North Dakota’s State Auditor Bob Peterson released a report (see below) related to the state’s Center for Tobacco Prevention and Control.

This entity was created by voters with a measure approved on the 2008 ballot. It created the center and, per the law, requires that it fight tobacco in accordance with the federal Centers for Disease Control’s “best practices.” The law also mandates a once-per-biennium audit to ensure that the board is following the CDC’s best practices.

Which is how the auditor’s office ended up recommending that the State of North Dakota hike the per-pack tax on cigarettes by 243 percent.

Here’s a screen shot from the auditor’s report (this is from page 13, you can read the entire report below).

tobaccotax

As you can see, the anti-tobacco activists at the Center for Tobacco Prevention and Control agree with the auditor’s finding (of course they do), and plan to pursue the tax hike during the 2015 legislative session.

And you can bet, if legislators don’t pass a hike, that the Center will push an initiated measure to hike the tax.

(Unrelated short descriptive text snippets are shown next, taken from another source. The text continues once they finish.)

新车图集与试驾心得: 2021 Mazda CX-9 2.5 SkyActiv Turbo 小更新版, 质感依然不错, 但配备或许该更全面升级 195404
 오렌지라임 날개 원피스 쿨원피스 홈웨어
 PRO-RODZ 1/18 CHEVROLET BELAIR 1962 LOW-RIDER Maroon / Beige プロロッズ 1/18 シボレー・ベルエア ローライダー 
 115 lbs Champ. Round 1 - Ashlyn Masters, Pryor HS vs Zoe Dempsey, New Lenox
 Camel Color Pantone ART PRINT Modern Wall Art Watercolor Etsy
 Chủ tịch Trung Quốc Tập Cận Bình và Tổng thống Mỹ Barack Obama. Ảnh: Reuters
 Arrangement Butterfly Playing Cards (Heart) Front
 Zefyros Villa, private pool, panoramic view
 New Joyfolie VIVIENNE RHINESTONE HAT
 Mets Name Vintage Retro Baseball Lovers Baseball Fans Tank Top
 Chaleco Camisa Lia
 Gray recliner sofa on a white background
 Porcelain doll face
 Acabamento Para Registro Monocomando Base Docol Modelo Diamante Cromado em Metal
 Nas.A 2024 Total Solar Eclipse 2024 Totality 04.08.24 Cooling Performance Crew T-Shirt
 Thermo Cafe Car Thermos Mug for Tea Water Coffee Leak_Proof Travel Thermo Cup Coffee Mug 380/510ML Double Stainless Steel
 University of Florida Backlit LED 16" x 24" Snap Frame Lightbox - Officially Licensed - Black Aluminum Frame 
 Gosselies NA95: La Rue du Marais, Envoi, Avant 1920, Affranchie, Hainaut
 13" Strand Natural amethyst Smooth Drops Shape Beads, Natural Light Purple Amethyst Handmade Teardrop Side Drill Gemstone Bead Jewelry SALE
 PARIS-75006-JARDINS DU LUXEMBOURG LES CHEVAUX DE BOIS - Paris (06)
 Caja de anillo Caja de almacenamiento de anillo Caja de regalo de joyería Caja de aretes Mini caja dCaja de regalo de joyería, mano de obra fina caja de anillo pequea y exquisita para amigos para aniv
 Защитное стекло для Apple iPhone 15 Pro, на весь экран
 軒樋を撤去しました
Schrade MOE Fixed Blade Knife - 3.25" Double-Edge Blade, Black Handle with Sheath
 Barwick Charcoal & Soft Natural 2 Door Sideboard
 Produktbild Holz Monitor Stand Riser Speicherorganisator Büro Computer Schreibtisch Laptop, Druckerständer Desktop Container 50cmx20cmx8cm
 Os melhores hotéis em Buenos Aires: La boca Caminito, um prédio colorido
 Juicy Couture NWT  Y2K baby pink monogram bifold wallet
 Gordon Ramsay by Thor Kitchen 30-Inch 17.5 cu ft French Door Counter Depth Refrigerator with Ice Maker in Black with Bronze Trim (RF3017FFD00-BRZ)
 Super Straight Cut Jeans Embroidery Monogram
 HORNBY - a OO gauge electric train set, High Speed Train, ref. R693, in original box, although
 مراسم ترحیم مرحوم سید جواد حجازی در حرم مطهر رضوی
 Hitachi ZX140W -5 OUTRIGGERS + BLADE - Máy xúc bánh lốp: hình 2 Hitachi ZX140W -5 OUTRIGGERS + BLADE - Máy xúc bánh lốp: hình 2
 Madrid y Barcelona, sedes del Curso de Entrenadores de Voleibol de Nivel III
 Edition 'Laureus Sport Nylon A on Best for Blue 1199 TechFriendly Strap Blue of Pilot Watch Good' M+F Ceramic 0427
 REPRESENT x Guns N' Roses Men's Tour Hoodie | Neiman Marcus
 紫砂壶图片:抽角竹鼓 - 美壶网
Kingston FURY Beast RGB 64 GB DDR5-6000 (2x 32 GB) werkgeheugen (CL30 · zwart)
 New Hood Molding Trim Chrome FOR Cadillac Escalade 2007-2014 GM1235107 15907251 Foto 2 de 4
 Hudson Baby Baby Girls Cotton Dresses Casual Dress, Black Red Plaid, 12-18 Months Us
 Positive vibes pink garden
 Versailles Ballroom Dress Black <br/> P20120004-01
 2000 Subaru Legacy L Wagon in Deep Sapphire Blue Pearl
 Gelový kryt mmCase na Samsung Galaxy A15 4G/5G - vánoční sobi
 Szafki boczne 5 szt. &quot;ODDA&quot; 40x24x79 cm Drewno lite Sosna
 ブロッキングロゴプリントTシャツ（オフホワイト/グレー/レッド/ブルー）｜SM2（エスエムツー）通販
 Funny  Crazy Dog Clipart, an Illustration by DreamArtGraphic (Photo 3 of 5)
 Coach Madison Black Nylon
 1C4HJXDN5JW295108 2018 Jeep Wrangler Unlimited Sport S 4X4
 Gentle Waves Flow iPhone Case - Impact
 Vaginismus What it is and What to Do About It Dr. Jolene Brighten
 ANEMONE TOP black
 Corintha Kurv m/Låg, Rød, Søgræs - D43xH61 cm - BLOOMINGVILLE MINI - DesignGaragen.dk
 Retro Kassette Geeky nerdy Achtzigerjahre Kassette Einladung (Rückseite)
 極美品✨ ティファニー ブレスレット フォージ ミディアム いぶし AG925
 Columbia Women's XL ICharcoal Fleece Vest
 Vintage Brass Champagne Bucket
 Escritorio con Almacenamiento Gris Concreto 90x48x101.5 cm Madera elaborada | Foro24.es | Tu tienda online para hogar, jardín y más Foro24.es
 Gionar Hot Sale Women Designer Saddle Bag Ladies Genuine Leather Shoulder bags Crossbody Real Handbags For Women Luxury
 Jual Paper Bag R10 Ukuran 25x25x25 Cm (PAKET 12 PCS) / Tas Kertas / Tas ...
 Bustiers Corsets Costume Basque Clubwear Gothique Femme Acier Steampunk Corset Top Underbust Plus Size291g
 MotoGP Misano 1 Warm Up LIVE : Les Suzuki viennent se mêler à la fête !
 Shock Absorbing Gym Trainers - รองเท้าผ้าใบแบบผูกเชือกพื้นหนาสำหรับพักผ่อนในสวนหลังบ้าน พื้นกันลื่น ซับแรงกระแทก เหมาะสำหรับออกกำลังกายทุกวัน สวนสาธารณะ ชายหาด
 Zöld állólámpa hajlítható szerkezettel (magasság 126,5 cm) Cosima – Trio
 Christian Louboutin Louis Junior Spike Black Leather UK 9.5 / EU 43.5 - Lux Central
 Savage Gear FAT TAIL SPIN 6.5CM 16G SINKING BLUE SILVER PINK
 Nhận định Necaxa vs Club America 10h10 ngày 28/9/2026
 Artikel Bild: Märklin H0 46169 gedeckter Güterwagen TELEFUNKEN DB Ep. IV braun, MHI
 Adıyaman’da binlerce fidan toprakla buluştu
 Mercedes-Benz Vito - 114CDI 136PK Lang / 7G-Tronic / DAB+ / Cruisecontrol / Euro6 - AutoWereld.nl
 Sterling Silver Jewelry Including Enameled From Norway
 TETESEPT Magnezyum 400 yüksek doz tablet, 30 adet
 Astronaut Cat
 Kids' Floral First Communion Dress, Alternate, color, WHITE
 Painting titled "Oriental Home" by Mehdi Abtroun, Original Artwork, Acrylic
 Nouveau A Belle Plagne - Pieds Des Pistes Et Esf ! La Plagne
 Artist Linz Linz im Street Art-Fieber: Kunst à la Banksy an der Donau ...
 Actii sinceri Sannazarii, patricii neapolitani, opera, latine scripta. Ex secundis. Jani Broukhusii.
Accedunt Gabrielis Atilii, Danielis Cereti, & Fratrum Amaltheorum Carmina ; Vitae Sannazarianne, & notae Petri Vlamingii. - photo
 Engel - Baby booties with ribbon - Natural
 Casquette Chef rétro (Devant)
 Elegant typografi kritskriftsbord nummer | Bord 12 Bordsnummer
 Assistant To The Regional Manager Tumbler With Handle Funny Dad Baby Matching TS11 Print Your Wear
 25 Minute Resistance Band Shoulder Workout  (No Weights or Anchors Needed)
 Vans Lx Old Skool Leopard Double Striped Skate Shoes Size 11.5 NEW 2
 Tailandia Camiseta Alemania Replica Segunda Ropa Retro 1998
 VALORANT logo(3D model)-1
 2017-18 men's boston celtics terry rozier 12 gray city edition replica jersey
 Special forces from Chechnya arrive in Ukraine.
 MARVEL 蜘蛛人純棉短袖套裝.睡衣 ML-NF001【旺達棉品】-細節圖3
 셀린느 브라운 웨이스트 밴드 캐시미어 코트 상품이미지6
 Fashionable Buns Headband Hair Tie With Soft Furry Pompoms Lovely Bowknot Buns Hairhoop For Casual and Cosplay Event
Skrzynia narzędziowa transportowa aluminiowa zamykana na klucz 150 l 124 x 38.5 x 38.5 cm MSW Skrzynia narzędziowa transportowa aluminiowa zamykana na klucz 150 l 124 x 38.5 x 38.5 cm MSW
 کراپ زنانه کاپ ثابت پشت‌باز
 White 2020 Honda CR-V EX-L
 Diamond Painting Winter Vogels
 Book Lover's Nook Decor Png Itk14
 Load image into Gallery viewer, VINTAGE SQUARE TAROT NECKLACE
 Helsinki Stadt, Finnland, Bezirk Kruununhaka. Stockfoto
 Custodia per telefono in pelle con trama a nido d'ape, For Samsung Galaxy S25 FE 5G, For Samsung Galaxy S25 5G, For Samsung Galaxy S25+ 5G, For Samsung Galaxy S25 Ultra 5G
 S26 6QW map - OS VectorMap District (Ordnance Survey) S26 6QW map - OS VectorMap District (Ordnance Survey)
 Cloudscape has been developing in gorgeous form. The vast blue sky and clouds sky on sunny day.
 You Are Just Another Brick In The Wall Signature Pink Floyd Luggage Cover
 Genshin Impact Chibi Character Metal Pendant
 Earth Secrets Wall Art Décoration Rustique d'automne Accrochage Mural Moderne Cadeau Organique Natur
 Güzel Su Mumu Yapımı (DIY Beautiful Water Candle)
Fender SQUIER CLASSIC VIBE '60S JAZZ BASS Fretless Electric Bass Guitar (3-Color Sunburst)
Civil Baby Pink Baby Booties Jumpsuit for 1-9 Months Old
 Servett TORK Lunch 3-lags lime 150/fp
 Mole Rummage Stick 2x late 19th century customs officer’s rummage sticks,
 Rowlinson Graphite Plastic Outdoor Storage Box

But how, exactly, do we get to the point where an auditor is suggesting major policy changes and issue activism in a report?

Don’t blame the auditor for this. His mandate is to ensure that the Center is following the law. And for better or worse, the law approved by the voters mandates that the Center fight tobacco in the manner set forth by the CDC.

The thing is, I don’t think voters knew they were authorizing this level of activism when they approved that ballot measure in 2008. If anything, this illustrates exactly why we shouldn’t be enshrining issue activism as official duties of the government.